One of the participants, 24-year-old Cat from Oxfordshire, was there and told us about her day.
“I wanted to write and say how much I enjoyed the creative day yesterday. It was my first ever event with Meningitis Now, but it was obvious how much hard work went into the day - especially having to cater for so wide an age range. But it was all completely spot on and everyone had fun and mucked in on all the activities."
“I realise that this is why Meningitis Now really stands out as a charity. So many other charities provide direct support targeting specific issues around conditions, but don't do what Meningitis Now does: provide us with a community in the form of event days and residential weekends. Meningitis can be so completely isolating for anyone it affects, and for such a devastating condition I have found it is widely misunderstood."
“This event day made such a difference to me because it created a safe space to just let go of other stresses. It also allowed me to just be myself around people who understand that my life changed completely overnight, just as everyone else's did, and that meningitis changed and moulded who we all are."
“However, nothing about the day was actually centred on the experience of meningitis - which was particularly powerful because our individual experiences are a given. Our confidence and ability to meet other people are not."

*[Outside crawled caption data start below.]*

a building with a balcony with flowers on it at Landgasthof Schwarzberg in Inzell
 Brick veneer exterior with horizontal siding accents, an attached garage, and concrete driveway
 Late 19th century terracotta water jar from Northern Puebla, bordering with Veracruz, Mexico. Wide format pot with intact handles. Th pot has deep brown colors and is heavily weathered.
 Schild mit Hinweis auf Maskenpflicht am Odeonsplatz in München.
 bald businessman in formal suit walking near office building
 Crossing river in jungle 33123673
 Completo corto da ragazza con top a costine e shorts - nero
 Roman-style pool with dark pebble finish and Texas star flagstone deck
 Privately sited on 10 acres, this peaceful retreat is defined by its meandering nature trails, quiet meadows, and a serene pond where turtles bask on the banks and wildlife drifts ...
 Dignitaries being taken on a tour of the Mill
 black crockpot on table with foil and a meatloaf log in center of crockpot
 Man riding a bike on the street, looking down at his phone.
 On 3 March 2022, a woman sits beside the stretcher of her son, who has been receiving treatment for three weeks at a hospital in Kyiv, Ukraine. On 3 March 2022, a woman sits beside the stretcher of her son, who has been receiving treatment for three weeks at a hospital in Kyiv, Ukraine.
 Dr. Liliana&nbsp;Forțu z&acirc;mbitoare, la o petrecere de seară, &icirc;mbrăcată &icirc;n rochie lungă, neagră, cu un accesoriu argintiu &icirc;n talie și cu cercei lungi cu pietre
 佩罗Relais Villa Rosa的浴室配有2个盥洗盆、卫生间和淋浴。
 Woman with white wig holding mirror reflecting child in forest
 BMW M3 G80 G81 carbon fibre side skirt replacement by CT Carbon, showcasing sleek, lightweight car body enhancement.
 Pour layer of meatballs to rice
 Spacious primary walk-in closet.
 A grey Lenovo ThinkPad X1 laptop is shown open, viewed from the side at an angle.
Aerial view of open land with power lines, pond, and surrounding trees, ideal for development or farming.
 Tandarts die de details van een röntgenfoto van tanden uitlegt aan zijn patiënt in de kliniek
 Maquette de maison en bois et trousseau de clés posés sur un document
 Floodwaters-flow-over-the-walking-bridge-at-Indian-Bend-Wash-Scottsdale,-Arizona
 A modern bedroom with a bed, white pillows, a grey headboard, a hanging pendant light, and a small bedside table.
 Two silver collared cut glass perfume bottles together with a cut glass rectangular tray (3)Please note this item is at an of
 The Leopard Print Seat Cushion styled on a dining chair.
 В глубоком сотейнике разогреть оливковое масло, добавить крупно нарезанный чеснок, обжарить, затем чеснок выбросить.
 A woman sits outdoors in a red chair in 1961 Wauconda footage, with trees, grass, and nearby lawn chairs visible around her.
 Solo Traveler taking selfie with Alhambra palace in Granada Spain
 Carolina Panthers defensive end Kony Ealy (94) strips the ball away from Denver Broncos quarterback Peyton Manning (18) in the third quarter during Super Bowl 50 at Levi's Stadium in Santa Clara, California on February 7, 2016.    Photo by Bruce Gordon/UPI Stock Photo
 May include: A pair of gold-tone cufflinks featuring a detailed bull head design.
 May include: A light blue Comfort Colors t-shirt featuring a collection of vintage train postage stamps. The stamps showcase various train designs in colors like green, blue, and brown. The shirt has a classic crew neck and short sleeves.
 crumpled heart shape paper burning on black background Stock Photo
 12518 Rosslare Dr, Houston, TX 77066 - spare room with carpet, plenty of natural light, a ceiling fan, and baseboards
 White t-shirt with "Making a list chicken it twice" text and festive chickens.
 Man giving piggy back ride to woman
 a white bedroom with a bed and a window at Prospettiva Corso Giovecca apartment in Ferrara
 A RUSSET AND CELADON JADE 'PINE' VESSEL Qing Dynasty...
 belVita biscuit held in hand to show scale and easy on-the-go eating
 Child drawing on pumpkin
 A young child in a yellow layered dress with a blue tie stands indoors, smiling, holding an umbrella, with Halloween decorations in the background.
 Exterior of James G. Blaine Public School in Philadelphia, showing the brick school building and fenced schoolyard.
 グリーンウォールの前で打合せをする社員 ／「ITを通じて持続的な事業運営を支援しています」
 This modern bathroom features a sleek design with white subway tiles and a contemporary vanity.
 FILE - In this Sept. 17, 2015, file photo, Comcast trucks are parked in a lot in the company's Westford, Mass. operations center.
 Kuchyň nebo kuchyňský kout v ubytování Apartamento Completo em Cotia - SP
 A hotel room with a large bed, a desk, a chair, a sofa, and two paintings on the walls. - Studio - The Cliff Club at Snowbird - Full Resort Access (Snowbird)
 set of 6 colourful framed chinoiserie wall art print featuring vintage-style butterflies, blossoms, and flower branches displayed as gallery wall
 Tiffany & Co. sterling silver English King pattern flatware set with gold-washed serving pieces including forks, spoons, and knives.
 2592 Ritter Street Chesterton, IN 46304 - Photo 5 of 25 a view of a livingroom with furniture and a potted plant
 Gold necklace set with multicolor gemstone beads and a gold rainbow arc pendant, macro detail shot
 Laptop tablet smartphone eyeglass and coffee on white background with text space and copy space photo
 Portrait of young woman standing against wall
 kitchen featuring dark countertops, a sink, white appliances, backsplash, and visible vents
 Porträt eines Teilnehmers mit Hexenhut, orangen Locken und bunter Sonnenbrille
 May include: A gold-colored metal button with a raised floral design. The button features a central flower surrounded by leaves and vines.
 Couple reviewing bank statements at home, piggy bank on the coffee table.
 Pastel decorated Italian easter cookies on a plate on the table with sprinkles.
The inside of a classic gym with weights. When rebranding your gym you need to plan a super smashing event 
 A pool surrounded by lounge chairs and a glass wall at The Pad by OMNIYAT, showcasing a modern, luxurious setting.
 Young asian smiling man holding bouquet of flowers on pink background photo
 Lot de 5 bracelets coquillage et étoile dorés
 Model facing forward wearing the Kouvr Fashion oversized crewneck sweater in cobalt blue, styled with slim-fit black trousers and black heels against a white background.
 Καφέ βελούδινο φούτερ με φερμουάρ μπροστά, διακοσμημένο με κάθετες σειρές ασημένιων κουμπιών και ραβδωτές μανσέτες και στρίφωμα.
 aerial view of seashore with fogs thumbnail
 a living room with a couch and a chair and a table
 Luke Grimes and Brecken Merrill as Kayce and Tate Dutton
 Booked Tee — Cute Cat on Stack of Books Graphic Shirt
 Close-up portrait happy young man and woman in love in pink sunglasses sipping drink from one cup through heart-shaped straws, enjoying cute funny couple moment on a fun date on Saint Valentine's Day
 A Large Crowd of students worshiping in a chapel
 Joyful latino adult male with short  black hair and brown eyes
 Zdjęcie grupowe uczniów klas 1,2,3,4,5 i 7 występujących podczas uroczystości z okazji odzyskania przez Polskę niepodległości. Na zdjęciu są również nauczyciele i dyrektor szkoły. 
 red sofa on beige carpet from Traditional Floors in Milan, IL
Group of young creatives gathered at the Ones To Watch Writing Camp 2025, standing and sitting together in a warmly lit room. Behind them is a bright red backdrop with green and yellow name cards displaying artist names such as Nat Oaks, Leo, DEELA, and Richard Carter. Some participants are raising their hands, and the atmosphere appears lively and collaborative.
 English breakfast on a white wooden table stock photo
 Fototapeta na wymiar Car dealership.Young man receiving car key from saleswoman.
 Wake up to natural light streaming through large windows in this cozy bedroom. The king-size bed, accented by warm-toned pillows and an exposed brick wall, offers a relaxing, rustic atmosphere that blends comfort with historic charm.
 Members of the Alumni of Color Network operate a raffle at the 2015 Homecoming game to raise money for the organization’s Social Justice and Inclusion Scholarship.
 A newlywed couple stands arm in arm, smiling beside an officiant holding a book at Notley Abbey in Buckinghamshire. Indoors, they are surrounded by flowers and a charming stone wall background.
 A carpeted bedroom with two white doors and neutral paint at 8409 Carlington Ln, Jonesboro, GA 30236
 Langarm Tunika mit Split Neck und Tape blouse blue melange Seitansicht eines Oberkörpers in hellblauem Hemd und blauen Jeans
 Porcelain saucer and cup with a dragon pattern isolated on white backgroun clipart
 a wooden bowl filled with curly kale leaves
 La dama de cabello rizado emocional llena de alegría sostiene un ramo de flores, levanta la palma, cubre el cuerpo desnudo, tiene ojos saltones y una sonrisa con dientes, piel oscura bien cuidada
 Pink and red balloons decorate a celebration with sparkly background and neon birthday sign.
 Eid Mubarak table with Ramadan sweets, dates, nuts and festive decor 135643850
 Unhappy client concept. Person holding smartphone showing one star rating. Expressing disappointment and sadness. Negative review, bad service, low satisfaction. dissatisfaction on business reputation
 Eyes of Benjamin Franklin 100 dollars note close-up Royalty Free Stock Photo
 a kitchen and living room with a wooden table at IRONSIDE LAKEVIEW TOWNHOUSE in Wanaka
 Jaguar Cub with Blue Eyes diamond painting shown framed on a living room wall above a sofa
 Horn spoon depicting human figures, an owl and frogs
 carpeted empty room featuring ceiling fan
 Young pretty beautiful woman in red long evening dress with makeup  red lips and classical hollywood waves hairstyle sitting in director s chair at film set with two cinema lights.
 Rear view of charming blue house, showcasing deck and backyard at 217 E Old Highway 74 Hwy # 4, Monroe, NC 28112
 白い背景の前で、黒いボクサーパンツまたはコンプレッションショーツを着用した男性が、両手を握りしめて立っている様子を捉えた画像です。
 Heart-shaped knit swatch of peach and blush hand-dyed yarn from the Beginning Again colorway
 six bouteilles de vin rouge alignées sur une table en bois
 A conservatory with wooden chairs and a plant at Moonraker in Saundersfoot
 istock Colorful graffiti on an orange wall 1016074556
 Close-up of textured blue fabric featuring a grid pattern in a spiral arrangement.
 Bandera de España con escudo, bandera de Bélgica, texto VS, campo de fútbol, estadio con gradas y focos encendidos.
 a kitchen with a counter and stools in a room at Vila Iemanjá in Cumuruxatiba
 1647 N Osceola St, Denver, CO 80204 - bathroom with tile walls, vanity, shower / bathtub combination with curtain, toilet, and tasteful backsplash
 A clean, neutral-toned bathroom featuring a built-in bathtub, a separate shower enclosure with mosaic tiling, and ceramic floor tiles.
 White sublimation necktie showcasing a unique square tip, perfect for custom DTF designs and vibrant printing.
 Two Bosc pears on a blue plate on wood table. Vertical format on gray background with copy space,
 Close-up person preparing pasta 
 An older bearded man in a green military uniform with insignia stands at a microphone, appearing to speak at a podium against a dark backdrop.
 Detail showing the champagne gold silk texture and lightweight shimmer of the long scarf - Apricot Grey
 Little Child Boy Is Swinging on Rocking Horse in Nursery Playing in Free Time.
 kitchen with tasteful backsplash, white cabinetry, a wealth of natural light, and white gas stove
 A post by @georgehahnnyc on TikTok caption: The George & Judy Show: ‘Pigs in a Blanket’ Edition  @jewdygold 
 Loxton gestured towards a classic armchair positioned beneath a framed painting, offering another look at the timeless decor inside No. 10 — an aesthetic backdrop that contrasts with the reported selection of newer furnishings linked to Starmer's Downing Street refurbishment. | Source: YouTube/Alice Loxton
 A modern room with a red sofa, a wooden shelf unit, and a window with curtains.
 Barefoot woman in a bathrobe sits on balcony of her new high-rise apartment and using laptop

“I found the after-effects of meningitis to be incredibly isolating, as I wasn't able to go out and socialise to meet people at Uni due to chronic fatigue. Many people just asked me, "So you're better now?" and I was never sure how to tell them that I'm not. The event day really channelled our shared experience into something positive like nothing else could. I came away on Saturday buzzing because I had got to talk to other people who had had similar (and also very different) experiences to me. This helped me understand and come to terms with my own experience far more than a call to a support line or counselling could ever do (as crucial a resource as this also is)."
“I often meet people who have M.E. But I had never met anyone else before yesterday who had had meningitis, and it was the most validating thing ever. I didn't have to worry about feeling I was "going on" about my experience in conversation, because others knew just how much meningitis changes your entire life, reaches into all of your daily decisions, and has shaped who I am. I didn't have to worry about other people possibly thinking, "Having had meningitis isn't a personality, Cat". This was honestly liberating, as I worry that I go on too much to other people, whilst simultaneously feeling like I have to explain some things that I have to do because of chronic fatigue amongst other things."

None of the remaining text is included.